> Actually, now I remember (it was five years ago or about so - quite a while so...

drdaeman · on Aug 26, 2024

> Neither of these are k8s issues though. Where were you playing with `conntrack`? On the backplane?

Yes, on the host (GKE-provisioned VPS) where the application container ran.

While it's certain this is not in K8s itself, I'm not really sure where to draw the line. I mean, IIRC, K8s relies on kernel's networking code quite a lot (e.g. kube-proxy is all about that), so... I guess it's not precisely clear if it's in or out of scope.

But either way, they're still certainly GKE issues, because the whole thing was provisioned as GKE K8s cluster, where I think I wasn't really supposed to actually SSH to individual nodes and do something there.

> The issues you describe here are issues you created for the most part. They are not issues people run into in production with k8s, I can assure you of that.

Entirely irrespective of K8s or anything else... people don't create weird issues for themselves in production? ;-) I honestly suspect making sub-optimal decisions and reaping their unintended consequences is one thing that makes us human :-) And I'm sure someone out there right now tries some weird stuff in production because they thought it would be a good idea. Maybe even with K8s (but not exactly likely - people hack on complex systems less than on simple systems).

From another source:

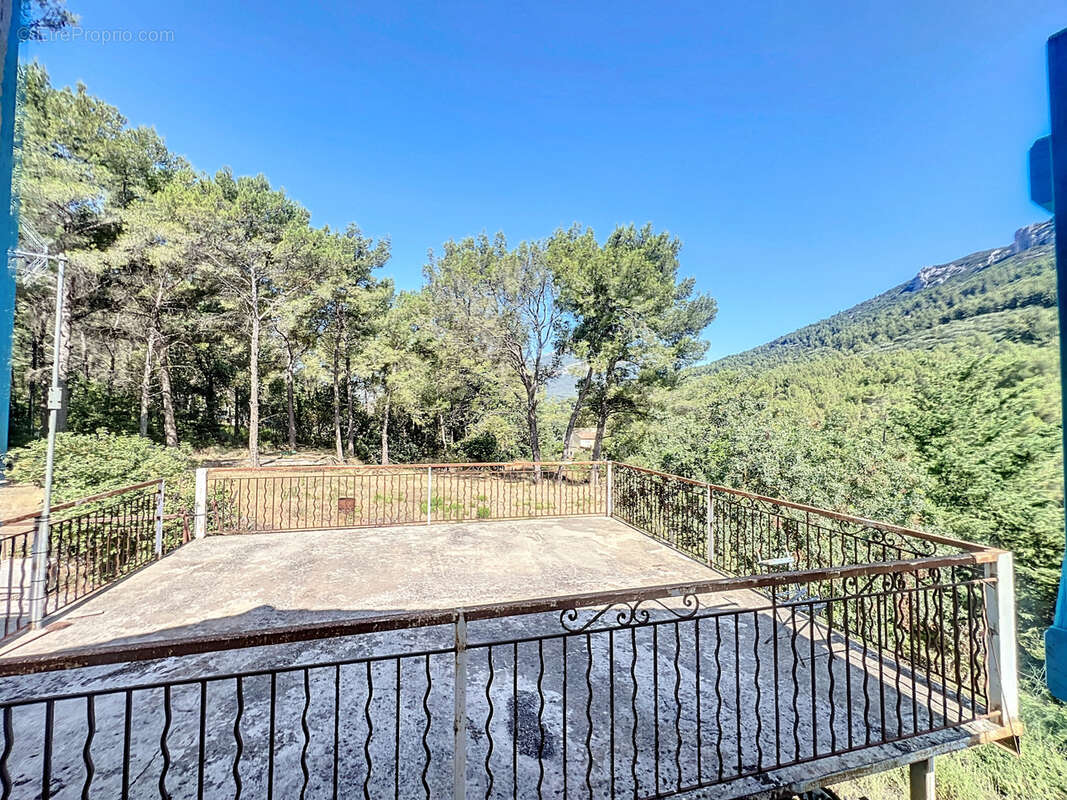 Maison à LE REVEST-LES-EAUX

By the way, if you say connectivity hiccups aren't a thing in production-grade K8s, I really wonder what kind of issues people run into?

> Most likely something with your cloud provider

I remember that node-to-node host communications had worked and database was responsive, but the container had connection timeouts, which is why I suspect it was something with K8s.

But, yes, of course, it's possible it wasn't exactly a K8s issue but something with the cloud itself - given that I don't know what was the problem back then, I can't really confirm or refute this.